DICP-1809 / GP-Plotter

A flexible tool for the visualization of proteomics and glyco-proteomics mass spectrometry data.
Apache License 2.0
0 stars 0 forks source link

java.lang.NullPointerException #1

Open yxzwang opened 1 year ago

yxzwang commented 1 year ago

Hi, I recently try GO-plotter for drawing spectra, and it crashed into this error when loading data. Could you please fix this bug? Many thanks. image

DICP-1809 commented 1 year ago

Thanks for your feedback! I checked the source code and found that the exception was caused by missing selection ion information in the precursor section of mzML file. I have updated the software and removed mandatory requirement of precursor information. Please find the updated GP-Plotter software in the release page, and please contact us if there is any questions.

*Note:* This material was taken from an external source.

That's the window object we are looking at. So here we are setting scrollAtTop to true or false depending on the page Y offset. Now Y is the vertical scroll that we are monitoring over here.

yxzwang commented 1 year ago

Hi, Thanks! I got a new error called java.lang.IllegalArgumentException: Failed to Find Scan Number in mzML Spectrum Id: index=2894. Does it mean that the mzmL file should not contain spectrum id not in the identification list. image

Also, I tried only one spectrum with two identification results to plot mirro images. The loading seems to be successful but no content is displayed. The file I used is attached below. plotter.zip

DICP-1809 commented 1 year ago

I think I get what the problem is: the mzML was converted from mgf, right? Snipaste_2023-05-20_21-07-52

It is not recommended, because many spectrum information was lost in mgf, and caused the above first and second errors in mzML reading (please see picture below, scan number 12517 only exists in mgf spectrum title). The scan number was missing in mgf, and spectrum title was also re-assigned in mgf to mzML conversion. Information is more comprehensive when mzML is converted from Raw file. Snipaste_2023-05-20_21-07-09

Below picture is information in mzML file: Snipaste_2023-05-20_21-09-56

For your convenience, I updated GP-Plotter again in the release page to support mgf file reading, even though mzML is more standard. In the updated software, the scan number is obtained from title part "file name.scan.scan.charge", like "MouseLiver-Z-T-3.12517.12517.4" in plotter_mgf_test.mgf.

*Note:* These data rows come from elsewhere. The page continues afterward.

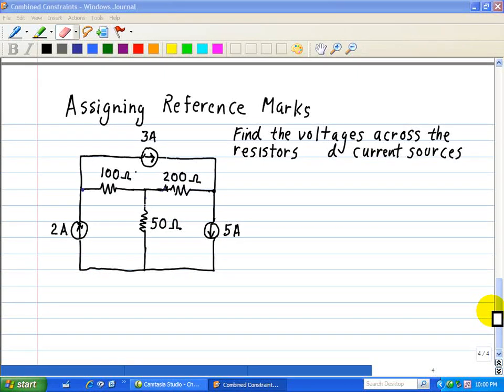If it turns out that the actual direction and the reference direction agree, then the algebraic sign of the response will be positive. On the other hand, if they disagree, the algebraic sign will be negative. In other words, the sign of the answer together with the assigned reference marks tells us the actual polarity or current direction.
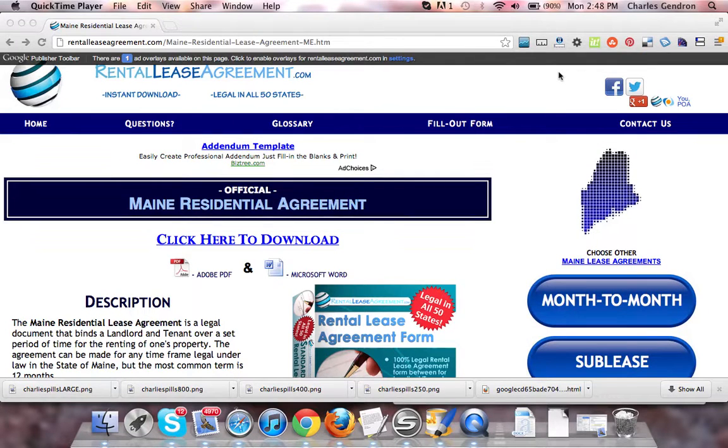Hi, welcome to RentTheLeaseAgreement.com. In this video, we're going to talk about the main residential lease agreement.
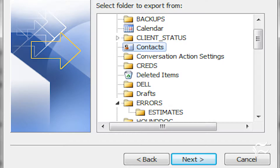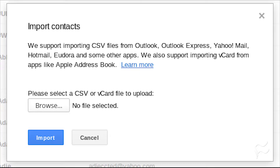In the next window, select Comma Separated Values Windows, and click Next. Select the Contacts entry from the Select Folder to Export From list, and click Next. Finally, name and find a location to save the exported file to, and click Finish.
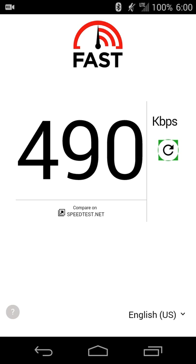So that's really all there is for that. It is a free app that's available on the web. I think it's fast.com or just do Netflix fast speed test and you'll get the link, and then also available for Android and iOS.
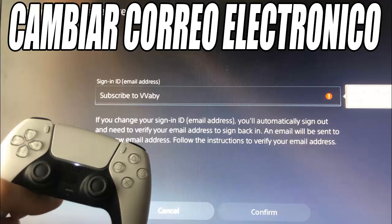Then we have to go to our email, open the message from Sony, and click on the verify link. The process will then be completed and your account will already have the new email address. To confirm, you can return to Users and Accounts and verify that your new email is correct.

When reading the plotter_mgf_test file, the result was empty. The reason is quite simple: the spectrum file name is "MouseLiver-Z-T-3" in pGlyco txt, but the name of mgf file is "plotter_mgf_test", thus the software can not find where the spectrum is. The spectrum file name is based on the information in result file, because some search engines support multi-file searching. To fix this bug, you can simply change the name "plotter_mgf_test.mgf" to "MouseLiver-Z-T-3.mgf". Below is the mirror image that GP-Plotter generated.

I hope the above answers can help you.

MouseLiver-Z-T-3-12517_MouseLiver-Z-T-3-12517

yxzwang commented 1 year ago

Hi, Thank you! I think it's almost done but I got one weird issue that I can't save my image. I have the "save as" page by clicking "save" but there is no picture in the saving folder. image

DICP-1809 commented 1 year ago

Does software path or image save path contains special character? Please avoid using Chinese character in the path of software and image, because Chinese and English characters are different encoding ways.

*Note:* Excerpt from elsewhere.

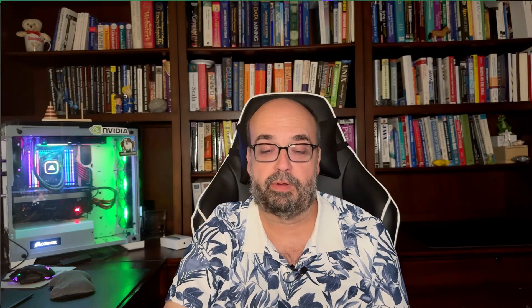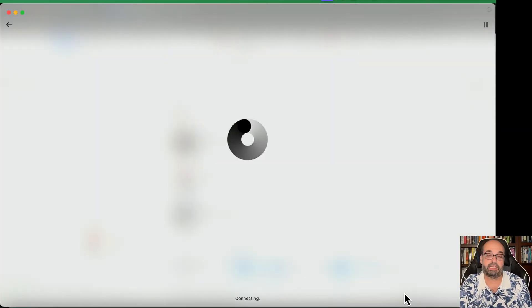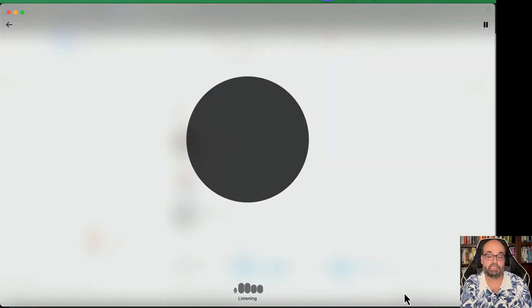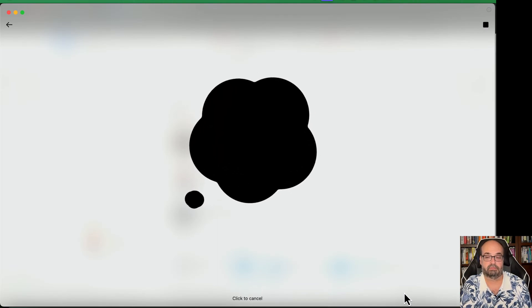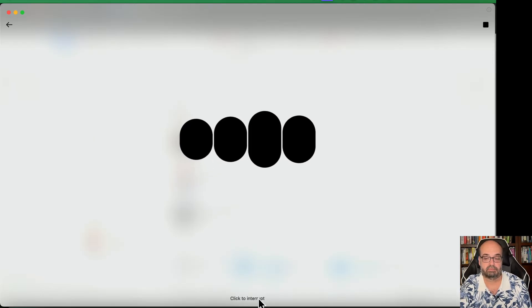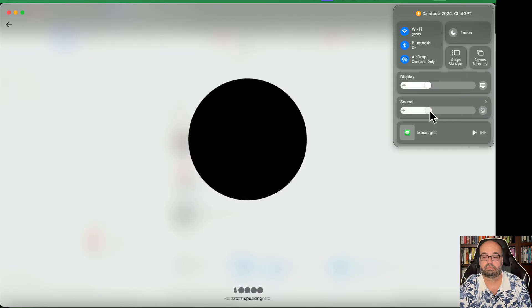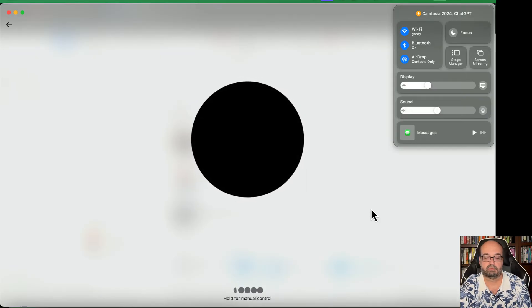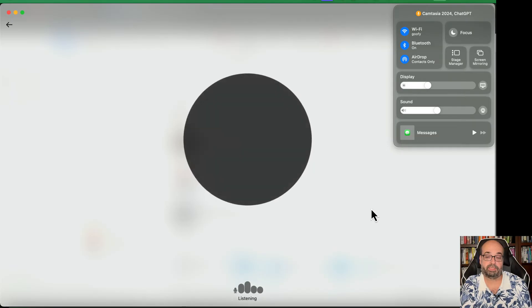If you're using an application like ChatGPT, whether on mobile or on the computer — I'm using this on the computer — you can click this and now it's going to go into listening mode. ChatGPT responds: "It seems like you're testing something. Is there anything specific you're trying to troubleshoot or set up?"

yxzwang commented 1 year ago

There is no Chinese character or other special character there.

DICP-1809 commented 1 year ago

Is python already installed? You can press "window⊞" key, enter "cmd" and press enter key. In cmd page, enter "pip list" and press enter key. If python environment is ok, you will see information like below picture: image

yxzwang commented 1 year ago

I have got all these packages. Some packages have different version, like setuptools 63.4.1 but most are similar. I have much more packages than these.

DICP-1809 commented 1 year ago

When you run GP-Plotter, is there any stop or error at "Python Package Validatation" page ?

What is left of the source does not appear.